WHAT THE TASK ASKS:
Please retype the data below line for line and leave out every picture.

DATA RECORDS:
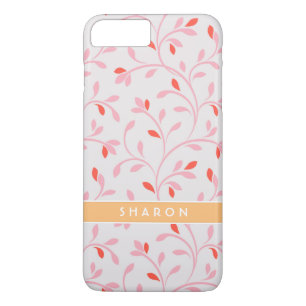 Cute girly pastel pink floral pattern monogram iPhone 8 plus/7 plus case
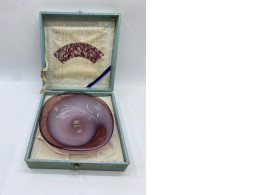 Fostoria Seascape Glass Plate with Opal Pink Handle, Vintage Style, from Cottagecore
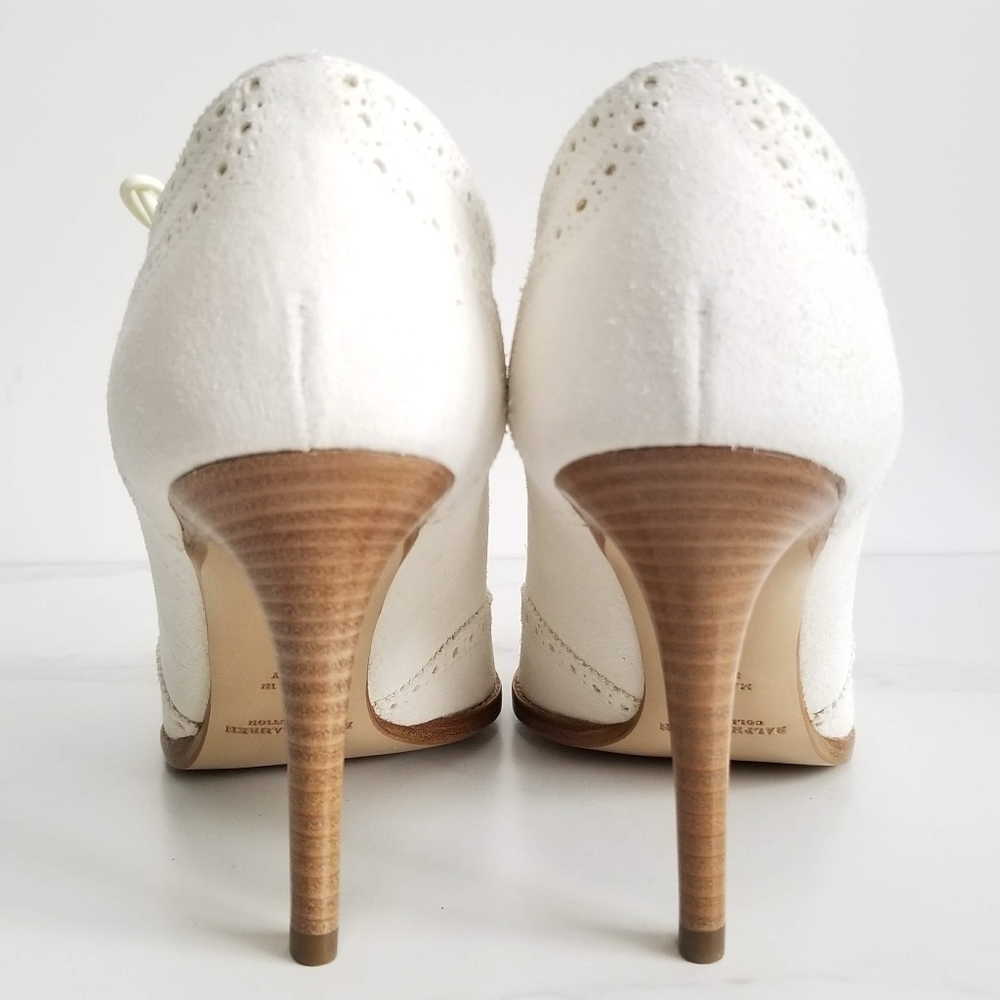 Ralph Lauren Purple Label White Suede Oxford Heels - Picture 6 of 8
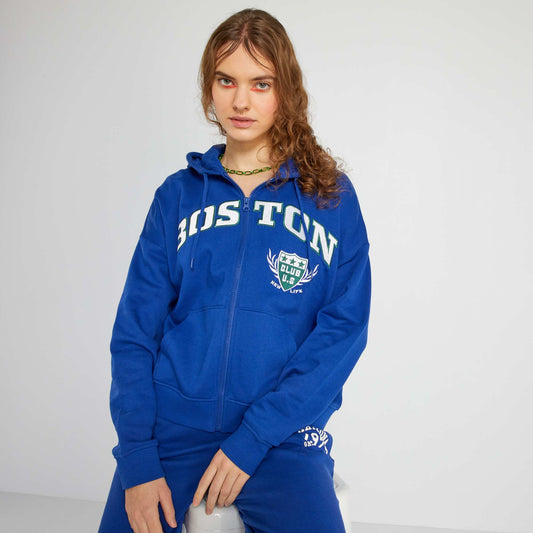USA print hoodie BLUE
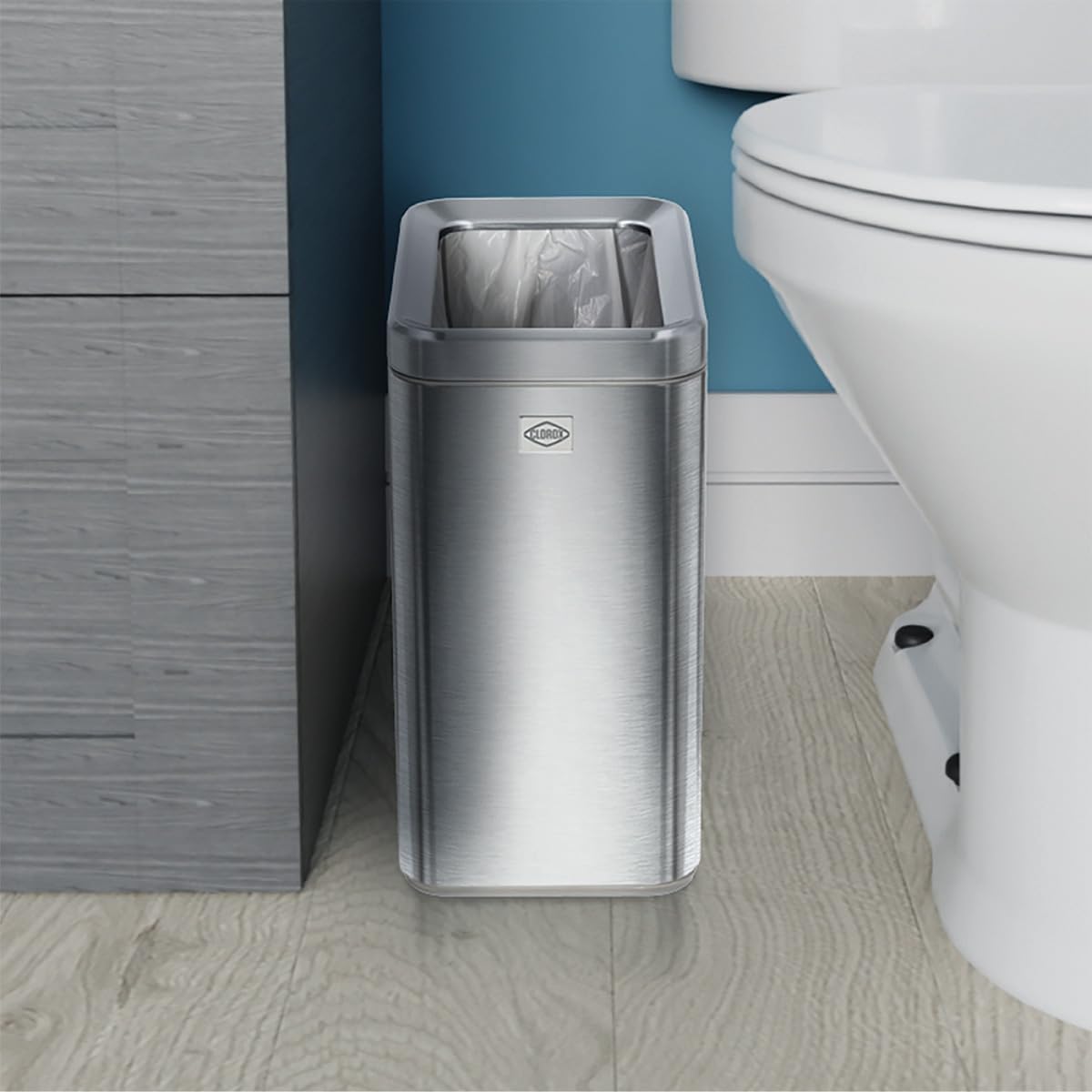 2.6 Gallon Stainless Steel Slim Trash Can with Removable Bucket Y4505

PROBLEM SOLUTION:
 Cute girly pastel pink floral pattern monogram iPhone 8 plus/7 plus case
 Fostoria Seascape Glass Plate with Opal Pink Handle, Vintage Style, from Cottagecore
 Ralph Lauren Purple Label White Suede Oxford Heels - Picture 6 of 8
USA print hoodie BLUE
 2.6 Gallon Stainless Steel Slim Trash Can with Removable Bucket Y4505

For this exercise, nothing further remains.